Bulunulan ortama uygun bir yaşantı çizme hususunda ümmetin bilinçli hareket eden kesimleri olduğu gibi, sadece hayatını her ne şekilde olursa olsun sessiz-sedasız yaşamak isteyenlerde mevcuttur. Bu açıdan meseleye yaklaşıldığında dünyanın diğer bölgelerinde yaşanmayan olayların İslam beldelerinde yaşandığını görüyoruz. Belki buna şu şekilde de yaklaşmak mümkündür: Dünyanın diğer yerlerinde ideolojik veya nizamlardan kaynaklanan rejim sorunları yaşanmamaktadır. O bölgelerde yaşanan önemli hususlar; kaynakları barındırmaları itibari ile ve bu kaynakların el değiştirmesi (yani bir anlamda sömürünün, sömürgeci güçlerin akımında kültürel değil) maddi (silahlı veya siyasi egemenliğin) hakimiyeti söz konusudur. Bu sebepten dolayı Tanzanya’da veya Uganda gibi yerlerde İslam beldelerindekine benzer tipte olaylar yaşanmaz. Burada benzeşen olay katliam, silahlı baskınlar, sömürüden kaynaklanan fakirleştirme operasyonlarıdır.
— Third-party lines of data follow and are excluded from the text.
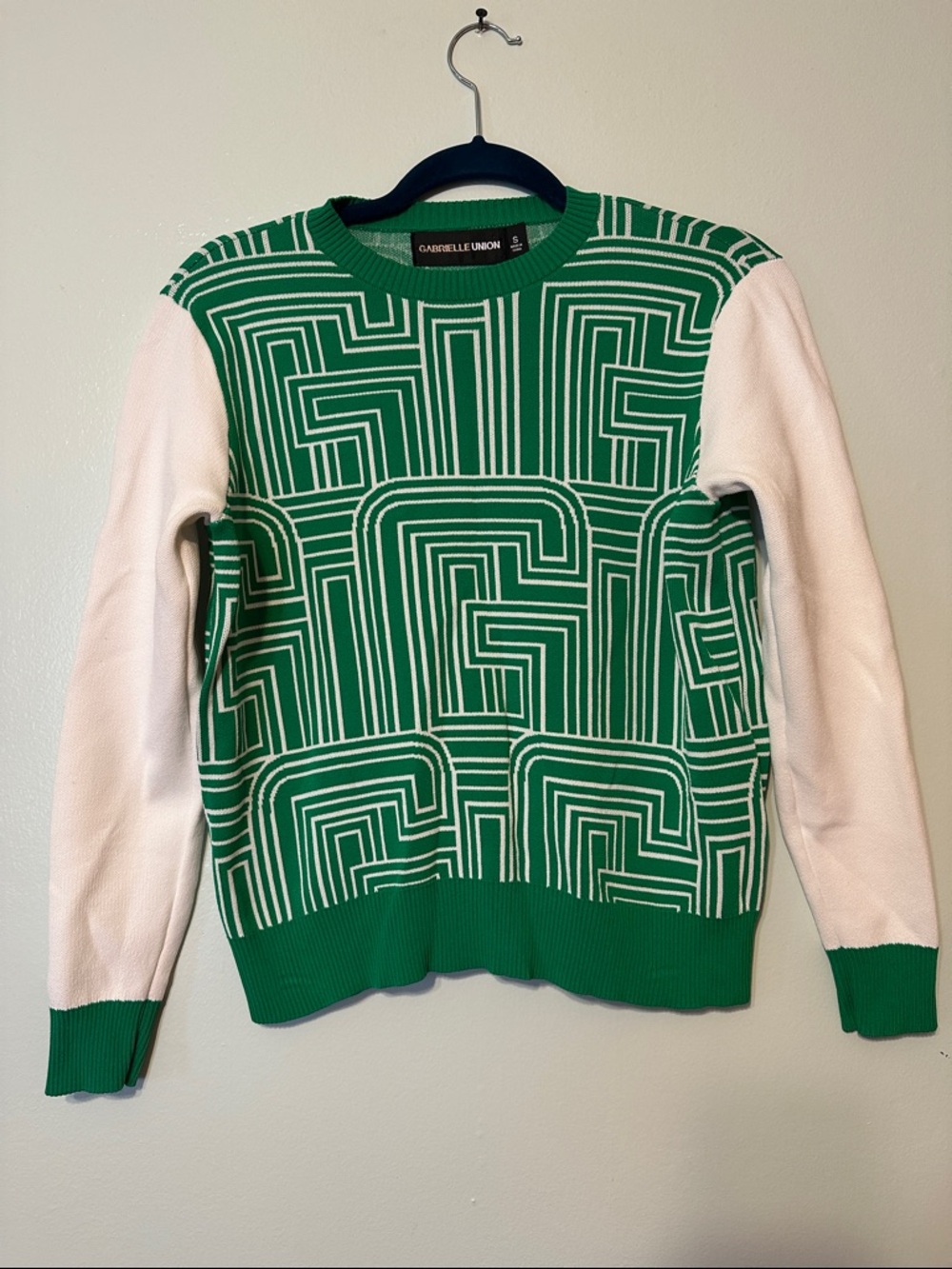 Gabrielle Union Green & White Geometric Crewneck Sweater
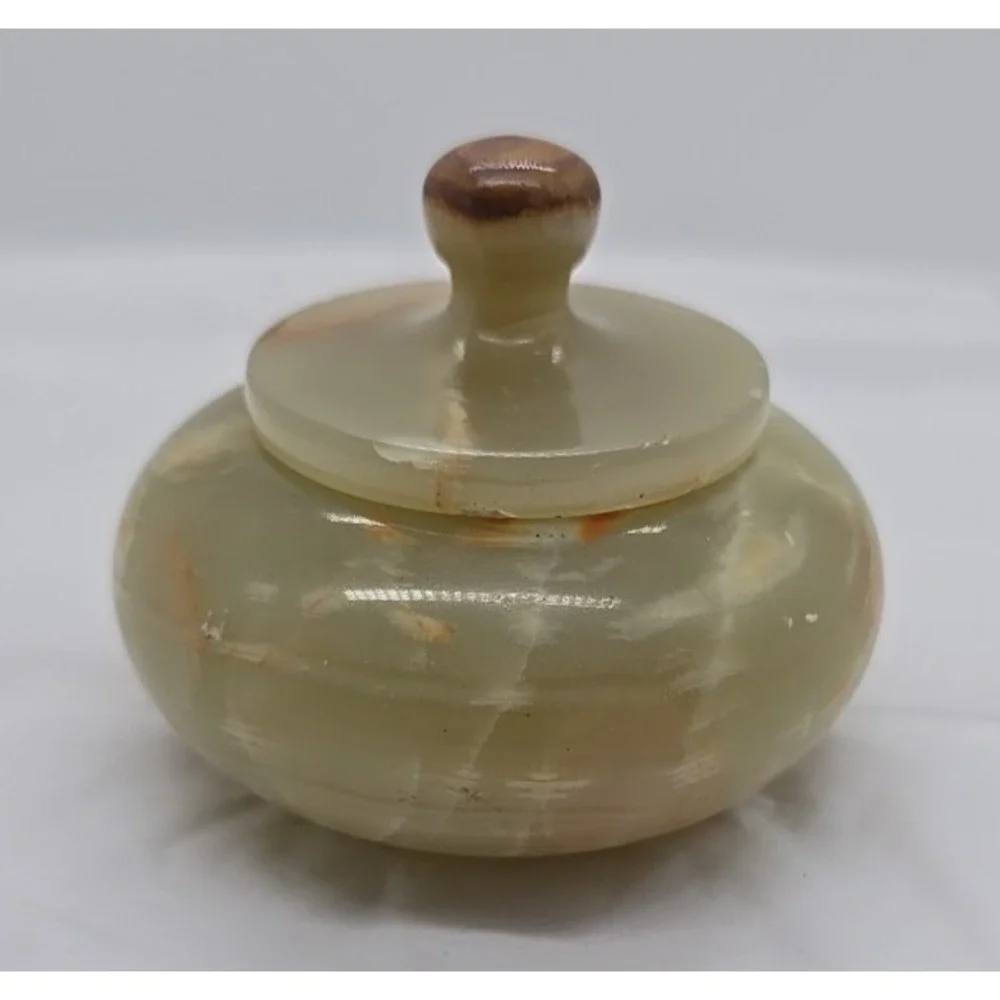 Vintage Hand Carved Green Onyx Stone Round Lidded Trinket Box Jewelry Box Home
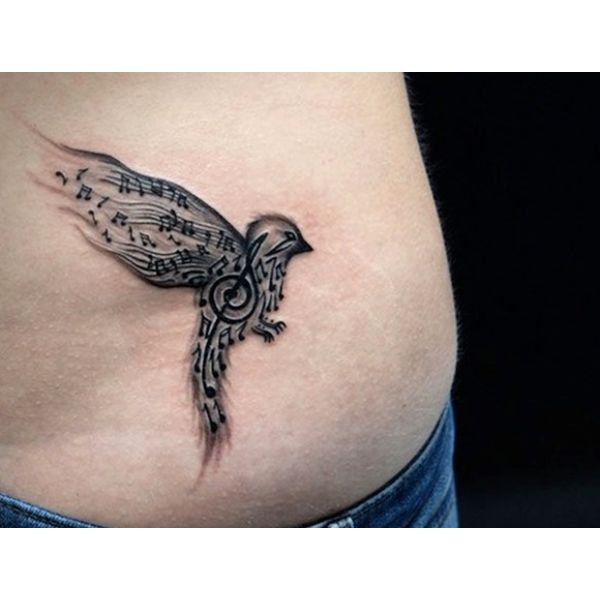 tatuajes de notas musicales con alas dentro de un ave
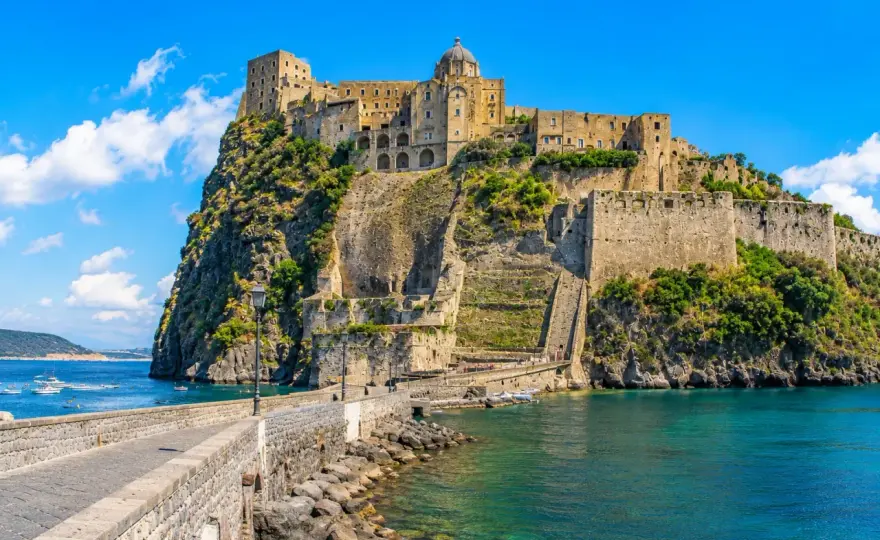 Pietra Torcia Ischia - Simbolo, storia e vino dell'isola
İslam beldelerine yöneldiğimiz de farklı oluşumların cereyan ettiğini görürüz. Başta kapitalizmin gereği olan maddi kaynakları sömürü gelmektedir ki; bu artık bir sır veya gizli akım olmaktan çıkmış alenen işlenir konuma gelmiştir. Diğer beldelerden ayıran ana faktörlerin esasını teşkil eden husus ise İslam ümmetini ideolojik olarakta baskı altına alma meselesidir. Yani açık bir tabirle; kapitalizmin, küfrün kurallarının İslam ümmeti üzerinde hayat tarzı olarak yerleştirilme ameliyesidir. Bu noktada kafir devletler hain ve ajan idarecileri yolu ile İslam ümmeti üzerinde baskın konumdadırlar. Bu alanda istedikleri konum gerçekleşmiş midir? Bu soruya olumlu bir cevap vermek henüz erken olmasına rağmen bazı sonuçlar aldıkları da ortadadır.
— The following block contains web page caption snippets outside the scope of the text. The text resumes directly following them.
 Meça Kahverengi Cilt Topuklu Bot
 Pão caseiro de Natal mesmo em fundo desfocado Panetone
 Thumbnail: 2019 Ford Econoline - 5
İslam beldelerinin büyük bir kesimi yukarıda değindiğimiz kültürel akımın etkisi altında kalmıştır. Baskıların, zorbalığın ağır bastığı ve bunların yoğun olarak yaşandığı bölgelerde de bu gerçeği görüyoruz. Yine bazı bölgelerde azınlık olarak ta olsa batının kültürel akımları ümmetin evlatlarının zihinlerinde yara açmıştır. Bunu hayat tarzlarını düzenlemedeki esas aldıkları prensiplere bakarak çözme mümkündür.

Batının, toplum olarak içerisine düşmüş olduğu çıkmaza bir misyon ararken İslam ümmetinin telef olmuş batı kültüründe şifa bulmaya yönelmeleri gerçekten şaşılacak bir şeydir!...
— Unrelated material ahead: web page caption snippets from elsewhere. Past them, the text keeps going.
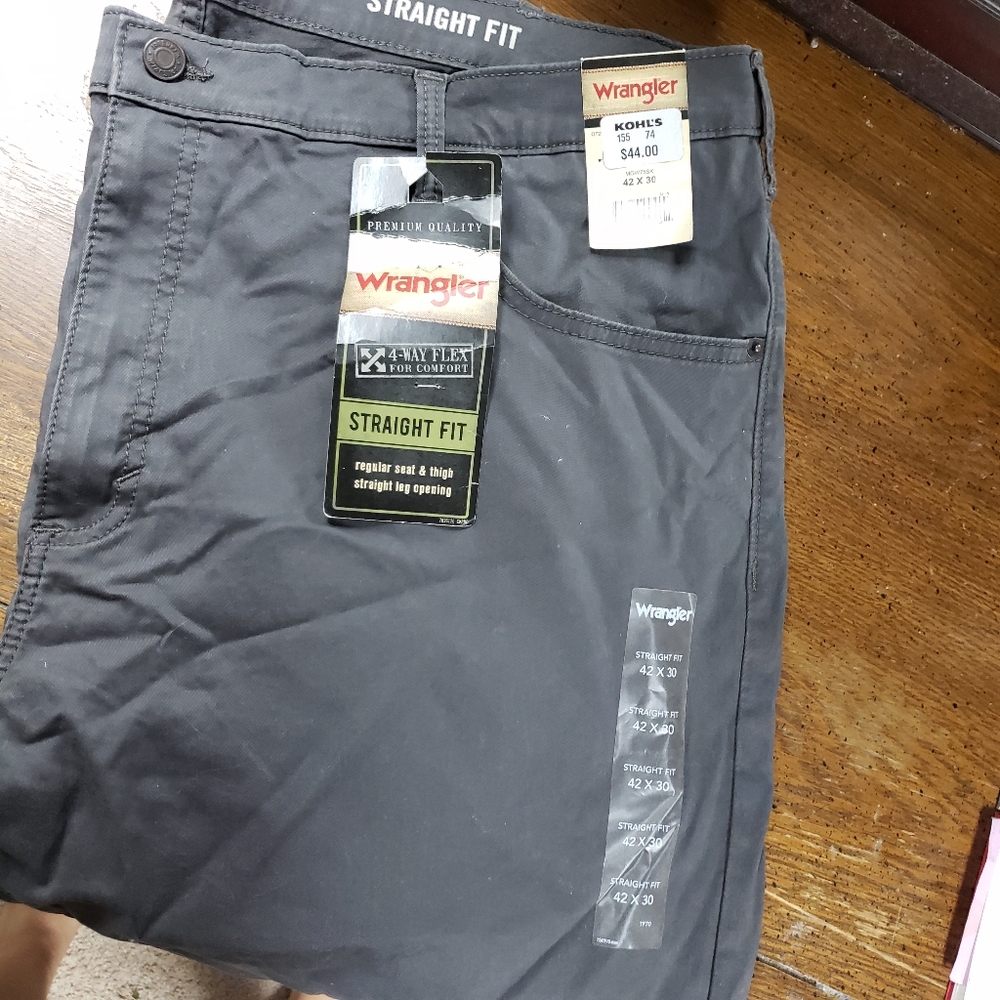 Men's Gray Wrangler Pants Sz 42x30 NWT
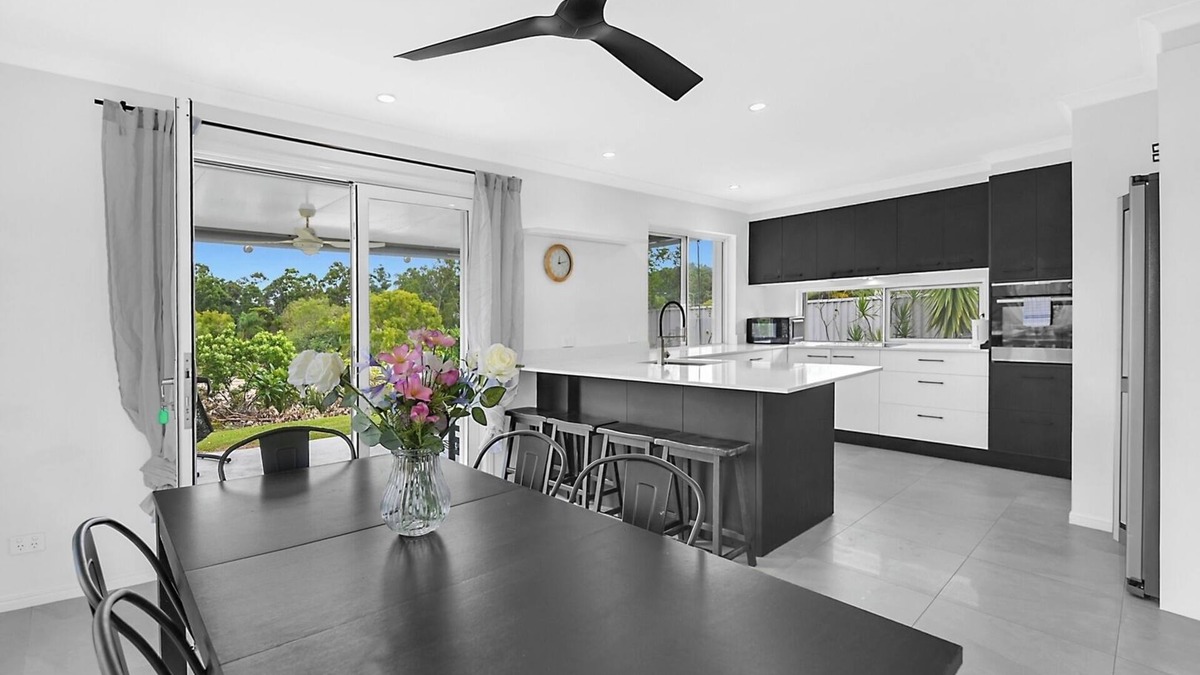 Parkwood House | Tranquil 3-Bedroom Home in Heart of Parkwood
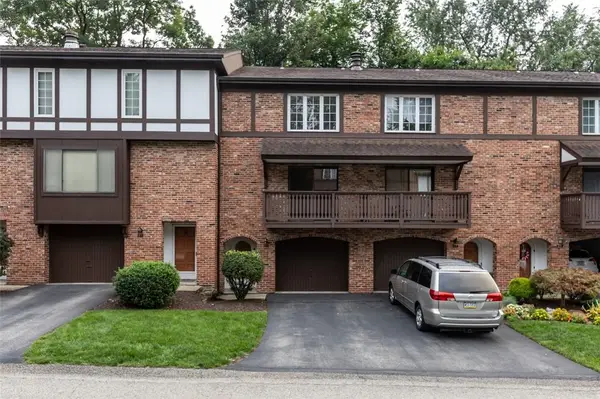 350 Woodbridge Dr, Pittsburgh, PA 15237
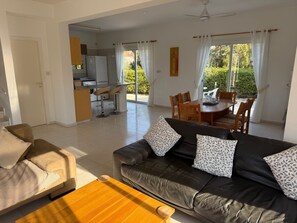 TV, livros, aparelho de som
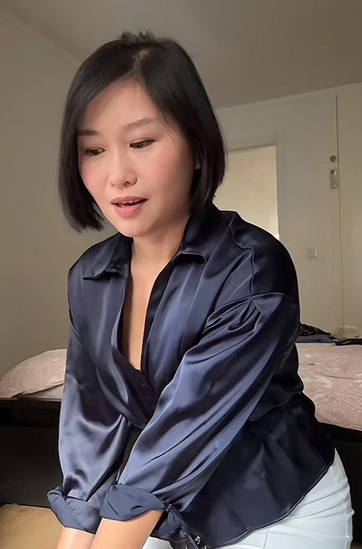 d881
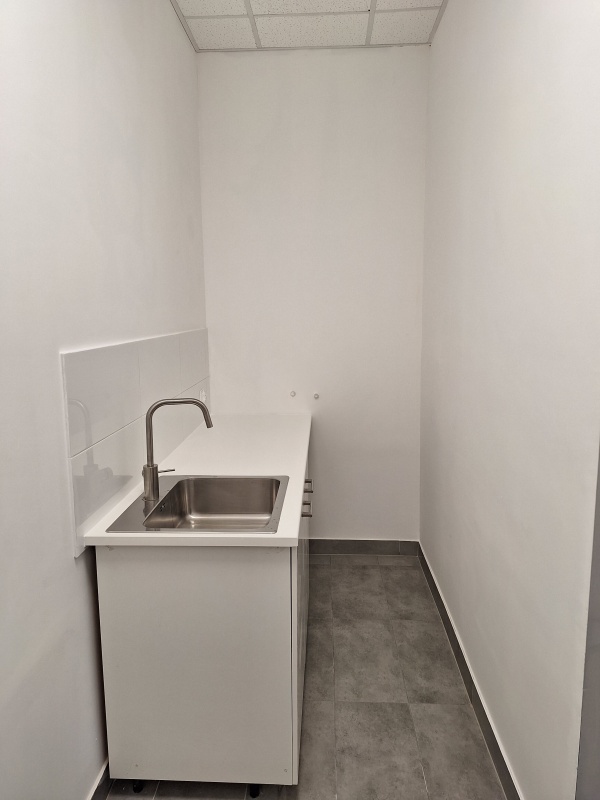 Lokal 137 m2 do wynajęcia np. pod BIURA, SALĘ JOGI, SZKOŁĘ JĘZYKOWĄ, itp. - 8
Batının tükenen veya tatmin etmeyen kültürünün akabinde, teknolojik baskıların getirdiği eğilimden kafasını kaldırmak isteyen toplumunu bir çok uyuşturucu nesnelerle uyutmak için çaba sarf ettiği bilinen bir gerçektir. İlkokullarından itibaren artık gençlerini uyuşturucu müptelası kılmak için, batılı aileler devletin de dolaylı desteği ile bu işi gerçekleştirmeye çalışıyorlar.

Demek ki; ideolojik alanda tükenme alternatif olarak maddi bazda baskı unsuru olan nesneleri doğurmaktadır. Burada, insanlık için güzel alanlarda kullanılabilecek olan teknolojinin baskı unsuru olarak kullanıldığını batı memleketlerinde etkin bir şekilde görmek mümkündür. Bunun yanında parlak zihinlere müsaade etmeyen batının dizginlerini ellerinde tutan kesim, kendi insanlarının sarhoş ve uyuşturucu müptelasına yönlenmesinde etkin roller oynamaktadır. Batıda uyuşturucu nesnelerin artık resmen dağıtımı yapılmakta, hatta kiliseler dahi bu iş için organize alanları olarak seçilmektedir. Hollanda’da olduğu gibi.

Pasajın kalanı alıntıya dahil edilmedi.